Which is the most efficient way to implement this data-structure? Any official recommend way to do it?

Reciprocate answered 23/7, 2010 at 13:38 Comment(6)
If you prefer, we can assume that values are immutable as well as keys are.Reciprocate
What would you return for this dict: {'a' : 1, 'b': 2, 'A' : 1 }Talus
@PaulMcGuire : I would return {1: ['a', 'A'], 2: 'b'}. See my answer for such a way to do it.Elena
Note to moderator: this is not a duplicate of https://mcmap.net/q/168772/-two-way-reverse-map-duplicate. The latter has 1) very vague wording 2) no MCVE 3) only deals with the case of the bijective map (see first comment in this question), which is a lot more restrictive than this actual question, which is more general. So I think marking it as duplicate is here, in this particular case, misleading. If really one should be a duplicate of another, it should be the contrary as this one here covers the general case whereas the other (see answers) doesn't cover the non-bijective case.Elena
@Elena It should return {1: {'a', 'A'}, 2: 'b'}Spiral
This question is more than ten years old, but I am reading it for the first time now. You might find inspiration in the Java library Google Guava. They have a class HashBiMap that is worth reading. (I assume a similar structure could be implemented in Python.) The documentation clearly outlines edge cases and how they are handled.
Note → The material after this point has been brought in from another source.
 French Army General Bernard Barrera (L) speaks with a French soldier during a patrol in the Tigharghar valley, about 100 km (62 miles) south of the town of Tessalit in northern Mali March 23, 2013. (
Ref: github.com/google/guava/blob/master/guava/src/com/google/common/…Bathos
E
106

Here is a class for a bidirectional dict, inspired by Finding key from value in Python dictionary and modified to allow the following 2) and 3).

Note that :

    1. The inverse directory bd.inverse auto-updates itself when the standard dict bd is modified.
    1. The inverse directory bd.inverse[value] is always a list of key such that bd[key] == value.
    1. Unlike the bidict module from https://pypi.python.org/pypi/bidict, here we can have 2 keys having same value, this is very important.

Code:

class bidict(dict):
    def __init__(self, *args, **kwargs):
        super(bidict, self).__init__(*args, **kwargs)
        self.inverse = {}
        for key, value in self.items():
            self.inverse.setdefault(value, []).append(key) 

    def __setitem__(self, key, value):
        if key in self:
            self.inverse[self[key]].remove(key) 
        super(bidict, self).__setitem__(key, value)
        self.inverse.setdefault(value, []).append(key)        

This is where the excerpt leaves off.